Brock saw it, the anger burning inside her. He leaned forward, eyes on her, and said, a note of caution in his voice, ‘But if that letter is genuine, Kathy, it sounds as if da Silva was making an earlier attempt to poison Marion, doesn’t it?’
‘Not with arsenic. Sundeep established she hadn’t previously taken it. But it could have been something else.’ What it reminded her of, in fact, was the diary entries of Emile L’Angelier complaining about feeling sick after visiting Madeleine Smith. And of course Marion would have been very familiar with those.
‘All right,’ Brock went on, sounding brisk, wanting to rouse Kathy from her introspection. Clearly she had been fond of this Guy, he thought, and was understandably upset, but they had work to do. ‘Da Silva is our prime suspect. How do we nail him?’
‘He’s been careful. We haven’t been able to find him on cameras at the critical scenes, except the British Library.’
‘We’re saying he murdered Marion to prevent her from presenting her paper at Cornell that would destroy his life’s work, is that right? Is that credible?’
‘He certainly sounded pretty desperate about it.’
‘Then why kill Tina?’
‘Because she’d followed the same trail as Marion and found the same source.’
‘How would he know that?’
‘She must have told him when she came to his house the night before she died. Donald Fotheringham told me that he, Tina and Emily had been investigating the archives of the Havelock family in the India Office Records at the library.’

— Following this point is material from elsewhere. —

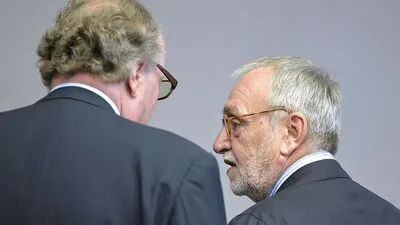 Alfons Mensdorff-Pouilly, Rudolf Fischer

‘Yes,’ Brock said, ‘the woman who found Tina at the library, Lily Cribb, told me that she’d first met Tina trying to find the India Office Records. It seemed odd.’
r /> ‘I think that Haverlock’s diary must have been stored there in the Havelock family’s archive. I wonder how Marion found it. It must have seemed like a miracle. If we’re right, it was her death warrant.’ Kathy thought. ‘By last Monday, when da Silva found Marion’s notes in her house, he would have realised that the source of Marion’s revelations was Haverlock’s diary, but he still wouldn’t have known how to find it—her paper only refers to a London archive. It was still tucked away in the India Office Records. On the Wednesday evening, when she called at his house, Tina must have told him she’d found it. He would have gone spare, thinking he’d put a lid on it all with Marion’s death.’

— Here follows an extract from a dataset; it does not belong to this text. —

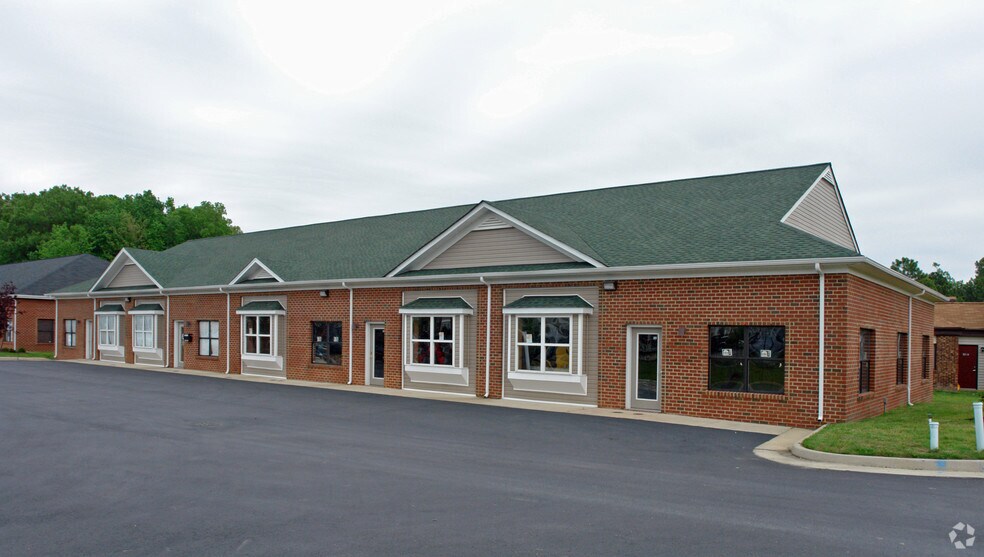 201-213 Lake Tower Dr, Hampton, VA for lease - Building Photo - Image 2 of 2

Brock said, ‘And the following day he would have been tracking her, trying to find out where the diary was.’
‘Yes. The trail will be there in the record of the books that Tina called up at the British Library. If we can show that she had found the Haverlock diary before she went to see da Silva, that would then put her in the same situation as Marion before she died.’

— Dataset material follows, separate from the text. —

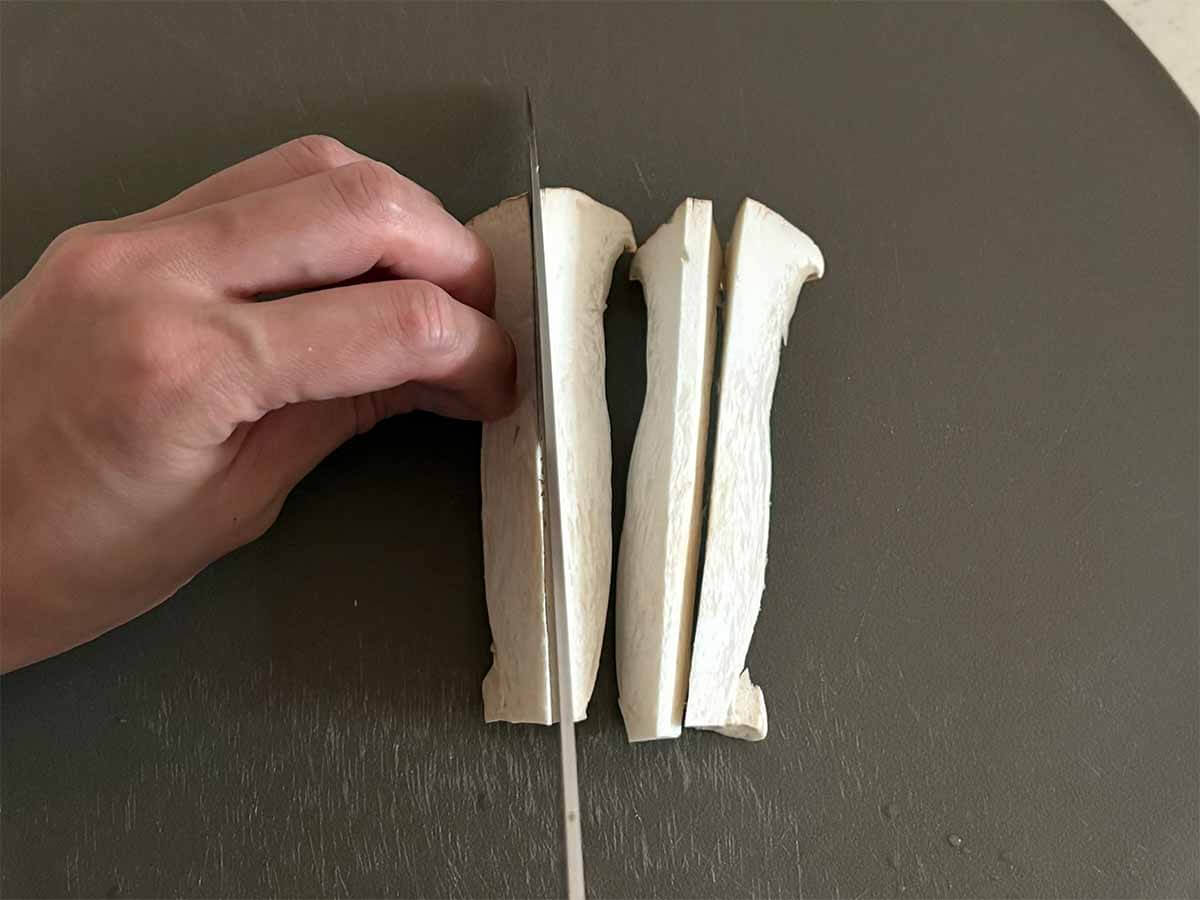 タサン志麻さん「肉巻き(豚薄切り肉&厚揚げ&きのこ)」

Brock nodded. ‘Circumstantial, but it might just be conclusive.’
Kathy returned to her desk and called over Pip Gallagher, who was working for her again now.
‘You okay, boss?’ Pip asked. ‘You seem a bit down.’
‘No,’ Kathy said, too abruptly. ‘I’m fine, Pip. I just wish I knew where the hell da Silva might have got arsenic from, if it wasn’t from the laboratory.’
‘How about Rafferty? Da Silva admitted paying him money. Maybe it wasn’t just for the key to Marion’s house.’
‘That is a thought. Look, I want you to drop what you’re doing and go over to the British Library and get them to give you a list of all the documents Tina requested in the week before she died. I’m particularly interested in a diary written by someone called Haverlock, which we think is held in this archive in the India Office Records.’ She handed Pip a note of the references. ‘Find out if she requested it, okay?’
‘Sure. I was never that hot as a reader, but I’ll give it a go.’
It felt like a penance, Kathy thought, as she worked through the day, poring over the details dredged up by her team, cross-checking the witness statements.